Here it is! What a fucking GORGEOUS guitar. I didn't play it yet but damn what an incredible neck profile. This really does look like the $3000 guitar it was.


----------



## Seedawakener (Jun 24, 2008)

Are you fucking kidding me?!... Karl... I'M COMING TO GALWAY THIS SUMMER JUST FOR THIS! So fucking awesome!  See you in a month or so! (Most likely!)


----------



## ShawnFjellstad (Jun 24, 2008)




----------



## 7 Strings of Hate (Jun 24, 2008)

fucking beautiful, every detail, even the grain on the headstock is beautiful, congrats karrl


----------



## Karl Hungus (Jun 24, 2008)

BIG thanks to Nick for this awesome favour. 

You rule man.


----------



## ZeroSignal (Jun 24, 2008)

Nice job man! And great score for Karl too!

What's going to happen to the stock DiMarzios?


----------



## ohio_eric (Jun 24, 2008)

Damn Karl is one lucky bastard.


----------



## jaxadam (Jun 24, 2008)

Oh fucking fuck that's nice... I have a feeling this thread is going to have a lot of "fucks" in it.

That is fucking nice...


----------



## stuh84 (Jun 24, 2008)

Hmm, the Irish Sea would probably be easy to swim..........you wont even notice it gone.....honest


----------



## TMatt142 (Jun 24, 2008)

scuse me .......got a serious pant check here.....


----------



## UGH (Jun 24, 2008)

Fuck! *flex*


----------



## zimbloth (Jun 24, 2008)

ZeroSignal said:


> What's going to happen to the stock DiMarzios?



He said I could keep 'em.


----------



## E Lucevan Le Stelle (Jun 24, 2008)

That's really rather beautiful, and I bet it plays well and sounds great too...

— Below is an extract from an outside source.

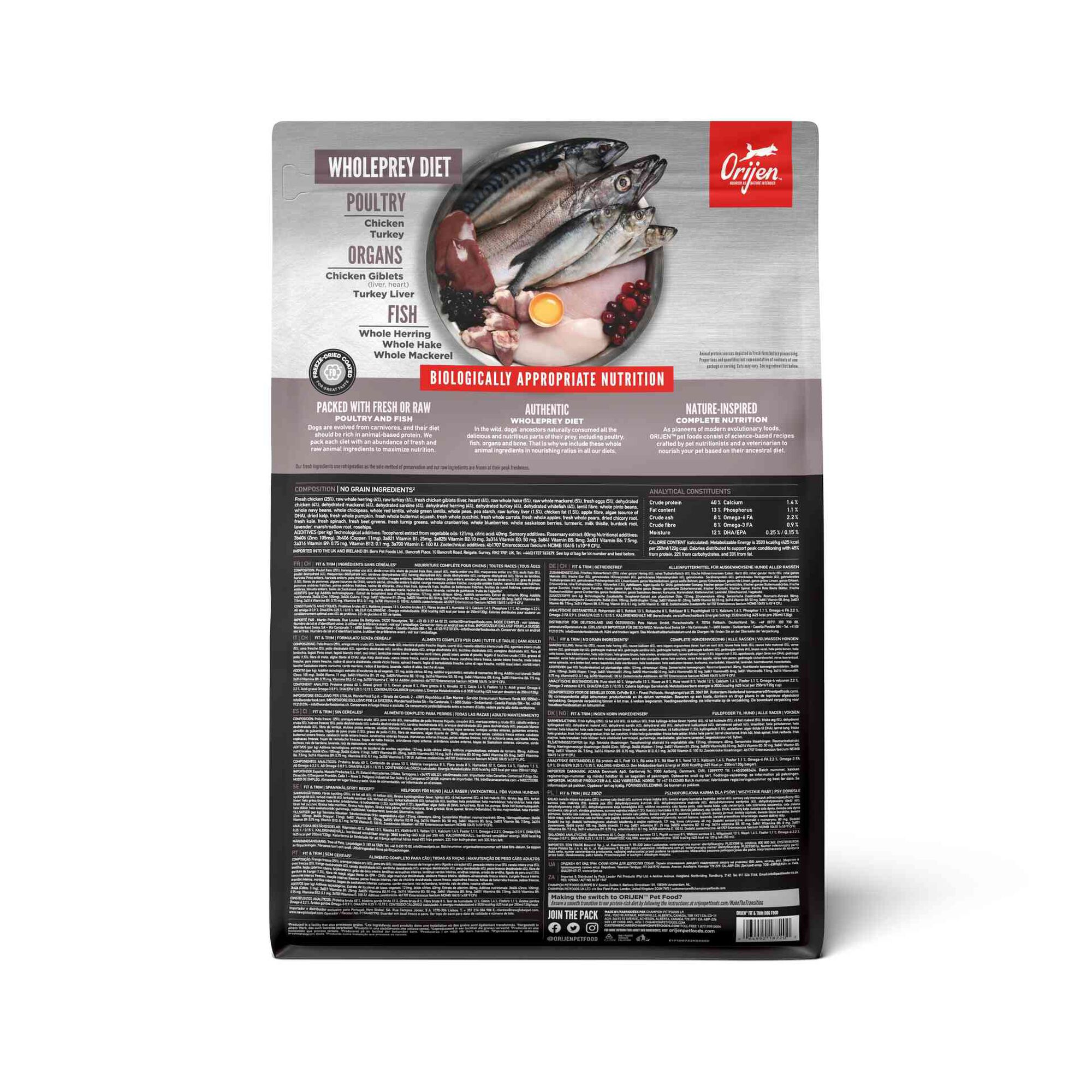 Ração para Cão Adulto Fit e Trim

[action=E Lucevan Le Stelle]shouldn't be too jealous as he has a KxK on its way...[/action]


----------



## zimbloth (Jun 24, 2008)

I nominate this for the August GOTM


----------



## wannabguitarist (Jun 24, 2008)

Beautiful

I played a regular JP7 over the weekend and the neck/trem are the best I've ever played on a 7


----------



## Karl Hungus (Jun 24, 2008)

Oh, and I have to thank Nick for posting this thread and taking some decent pictures, because we all know that my camera facilities are lacking severely, so if I had waited to take pics myself, they would only be 19.5% as beautiful.


----------



## kmanick (Jun 24, 2008)

Damn that is gorgeous!!
Nick I need to come by and check this thing out before you ship it to Karl.
I've never had the chance to see one of these in person before.
pm me.


----------



## zimbloth (Jun 24, 2008)

kmanick said:


> Damn that is gorgeous!!
> Nick I need to come by and check this thing out before you ship it to Karl.
> I've never had the chance to see one of these in person before.
> pm me.



Sure man, I'll have this for the next week as the BKPs are en route.


----------



## Crucified (Jun 24, 2008)

nice! are the bodies on those still basswood though?


----------



## zimbloth (Jun 24, 2008)

Crucified said:


> nice! are the bodies on those still basswood though?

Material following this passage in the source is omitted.